Last night at work, Sin walked by me with a cute blond girl on his arm. He flashed me that goofy smile of his and I waved. It felt like exactly what it was: acquaintances acknowledging that they know one another. It's only the polite thing to do to someone you once dated, or so I assume.

But tonight, Cowboy walked by. Looked right at me, I swear he did, and didn't wave, or say "hi", or anything at all. I was instantly pissed off. I find that of all the emotions, anger always hits me fastest. He once went on about staying friends, but now he won't acknowledge my existence! I want to try and give him a bit of credit for being a nice guy because he doesn't seem to intentionally try to be a jerk, and he did ask me to tag along to coffee with a friend of his back in May (when I had fallen off the blog train). But when I texted him "happy birthday!" a few nights ago, the response was "thanks, little miss." And he knows how much I hated when he called me little or short. Just because he is unnaturally tall, does not mean that I am short. I am 5'7" (or 8"?), which is actually taller than the Canadian average (according to Wikipedia). When you look at how short my mom's side of the family all is, I'm lucky to have grown taller than 5'3". Hmph!

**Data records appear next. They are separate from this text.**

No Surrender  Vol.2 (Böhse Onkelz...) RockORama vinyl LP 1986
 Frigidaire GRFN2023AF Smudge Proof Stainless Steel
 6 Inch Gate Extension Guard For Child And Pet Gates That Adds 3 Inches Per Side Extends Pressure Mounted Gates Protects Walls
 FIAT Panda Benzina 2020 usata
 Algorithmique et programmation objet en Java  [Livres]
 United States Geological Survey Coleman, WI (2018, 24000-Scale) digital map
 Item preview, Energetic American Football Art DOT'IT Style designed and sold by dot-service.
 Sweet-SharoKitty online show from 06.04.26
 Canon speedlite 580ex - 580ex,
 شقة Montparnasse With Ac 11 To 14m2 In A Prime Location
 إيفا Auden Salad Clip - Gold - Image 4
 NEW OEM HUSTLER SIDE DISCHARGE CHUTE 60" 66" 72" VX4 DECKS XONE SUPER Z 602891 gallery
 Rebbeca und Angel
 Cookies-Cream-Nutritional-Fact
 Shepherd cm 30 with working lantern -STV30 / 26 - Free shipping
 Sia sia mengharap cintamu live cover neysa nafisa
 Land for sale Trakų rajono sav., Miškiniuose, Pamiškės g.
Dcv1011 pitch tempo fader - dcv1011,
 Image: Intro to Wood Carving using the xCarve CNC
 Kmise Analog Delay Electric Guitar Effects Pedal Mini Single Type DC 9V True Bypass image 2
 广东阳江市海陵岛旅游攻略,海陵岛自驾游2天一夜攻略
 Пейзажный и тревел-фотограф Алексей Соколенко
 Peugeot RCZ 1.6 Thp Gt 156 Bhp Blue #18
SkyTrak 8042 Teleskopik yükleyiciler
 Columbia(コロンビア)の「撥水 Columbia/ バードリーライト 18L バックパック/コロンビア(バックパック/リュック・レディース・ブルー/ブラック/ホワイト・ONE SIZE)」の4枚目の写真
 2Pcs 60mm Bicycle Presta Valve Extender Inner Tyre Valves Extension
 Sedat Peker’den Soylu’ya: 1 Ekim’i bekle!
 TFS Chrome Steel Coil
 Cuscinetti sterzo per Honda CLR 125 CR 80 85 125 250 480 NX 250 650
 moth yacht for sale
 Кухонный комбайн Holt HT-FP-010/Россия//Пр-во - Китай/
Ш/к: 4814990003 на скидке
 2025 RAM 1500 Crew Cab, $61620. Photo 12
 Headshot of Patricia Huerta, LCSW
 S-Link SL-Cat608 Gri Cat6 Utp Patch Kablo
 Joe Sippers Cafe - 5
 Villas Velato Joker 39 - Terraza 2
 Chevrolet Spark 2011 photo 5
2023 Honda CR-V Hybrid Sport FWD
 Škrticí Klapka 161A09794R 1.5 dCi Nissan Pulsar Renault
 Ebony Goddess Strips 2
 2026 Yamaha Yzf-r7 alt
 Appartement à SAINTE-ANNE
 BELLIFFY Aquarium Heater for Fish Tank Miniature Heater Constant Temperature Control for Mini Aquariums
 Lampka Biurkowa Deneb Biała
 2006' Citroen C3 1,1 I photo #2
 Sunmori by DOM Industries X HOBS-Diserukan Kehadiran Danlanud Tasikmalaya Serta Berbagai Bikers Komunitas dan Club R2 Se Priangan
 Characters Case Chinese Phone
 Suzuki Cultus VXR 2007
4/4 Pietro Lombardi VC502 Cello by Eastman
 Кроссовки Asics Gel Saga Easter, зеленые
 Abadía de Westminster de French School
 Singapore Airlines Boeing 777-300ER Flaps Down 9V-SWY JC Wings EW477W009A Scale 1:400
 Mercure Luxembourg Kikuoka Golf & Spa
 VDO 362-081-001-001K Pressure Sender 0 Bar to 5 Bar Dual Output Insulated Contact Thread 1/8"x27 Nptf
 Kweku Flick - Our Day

I'm getting angry again just typing this. And I'm also angry again about him breaking up with me. I'm having a little trouble seeing the good in it (we weren't right for each other, we weren't happy together, how could I have started to date Wrecking Ball while still dating Cowboy, etc) and I am just pissed off that he would dump me over a misunderstanding and then tell me he loves me three weeks later. What the fuck. I take back what I said about trying to call him a nice guy. He's a bitch. And since we're already going our separate ways, I'm not going to let this bug me any more. So, Cowboy, ride off into the sunset. I don't care about "staying friends" any more than you do, so let's not waste any more energy on pretending.